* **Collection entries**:
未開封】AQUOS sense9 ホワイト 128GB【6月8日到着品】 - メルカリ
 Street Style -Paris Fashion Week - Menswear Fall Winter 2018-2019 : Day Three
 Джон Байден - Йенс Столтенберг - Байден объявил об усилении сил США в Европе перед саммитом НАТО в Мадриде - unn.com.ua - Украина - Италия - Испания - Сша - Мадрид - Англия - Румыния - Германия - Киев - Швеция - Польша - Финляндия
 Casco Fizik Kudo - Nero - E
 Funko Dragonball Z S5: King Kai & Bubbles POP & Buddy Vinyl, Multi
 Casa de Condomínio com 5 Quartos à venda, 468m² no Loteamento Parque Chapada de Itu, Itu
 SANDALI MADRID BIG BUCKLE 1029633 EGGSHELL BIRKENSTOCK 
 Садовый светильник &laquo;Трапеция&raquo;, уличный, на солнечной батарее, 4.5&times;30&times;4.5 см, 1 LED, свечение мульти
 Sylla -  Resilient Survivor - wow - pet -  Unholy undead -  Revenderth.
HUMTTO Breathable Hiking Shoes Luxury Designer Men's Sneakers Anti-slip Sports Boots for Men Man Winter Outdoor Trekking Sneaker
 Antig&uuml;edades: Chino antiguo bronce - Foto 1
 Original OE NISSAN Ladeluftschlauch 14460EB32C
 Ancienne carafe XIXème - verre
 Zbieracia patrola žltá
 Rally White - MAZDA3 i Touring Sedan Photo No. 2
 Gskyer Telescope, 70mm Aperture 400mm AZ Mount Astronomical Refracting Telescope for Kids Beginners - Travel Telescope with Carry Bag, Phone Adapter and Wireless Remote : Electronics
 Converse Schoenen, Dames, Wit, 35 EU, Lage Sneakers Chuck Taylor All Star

* **TO DO**:
Could each line above be retyped exactly?

* **SOLUTION FOR THIS TASK**:
未開封】AQUOS sense9 ホワイト 128GB【6月8日到着品】 - メルカリ
 Street Style -Paris Fashion Week - Menswear Fall Winter 2018-2019 : Day Three
 Джон Байден - Йенс Столтенберг - Байден объявил об усилении сил США в Европе перед саммитом НАТО в Мадриде - unn.com.ua - Украина - Италия - Испания - Сша - Мадрид - Англия - Румыния - Германия - Киев - Швеция - Польша - Финляндия
 Casco Fizik Kudo - Nero - E
 Funko Dragonball Z S5: King Kai & Bubbles POP & Buddy Vinyl, Multi
 Casa de Condomínio com 5 Quartos à venda, 468m² no Loteamento Parque Chapada de Itu, Itu
 SANDALI MADRID BIG BUCKLE 1029633 EGGSHELL BIRKENSTOCK 
 Садовый светильник &laquo;Трапеция&raquo;, уличный, на солнечной батарее, 4.5&times;30&times;4.5 см, 1 LED, свечение мульти
 Sylla -  Resilient Survivor - wow - pet -  Unholy undead -  Revenderth.
HUMTTO Breathable Hiking Shoes Luxury Designer Men's Sneakers Anti-slip Sports Boots for Men Man Winter Outdoor Trekking Sneaker
 Antig&uuml;edades: Chino antiguo bronce - Foto 1
 Original OE NISSAN Ladeluftschlauch 14460EB32C
 Ancienne carafe XIXème - verre
 Zbieracia patrola žltá
 Rally White - MAZDA3 i Touring Sedan Photo No. 2
 Gskyer Telescope, 70mm Aperture 400mm AZ Mount Astronomical Refracting Telescope for Kids Beginners - Travel Telescope with Carry Bag, Phone Adapter and Wireless Remote : Electronics
 Converse Schoenen, Dames, Wit, 35 EU, Lage Sneakers Chuck Taylor All Star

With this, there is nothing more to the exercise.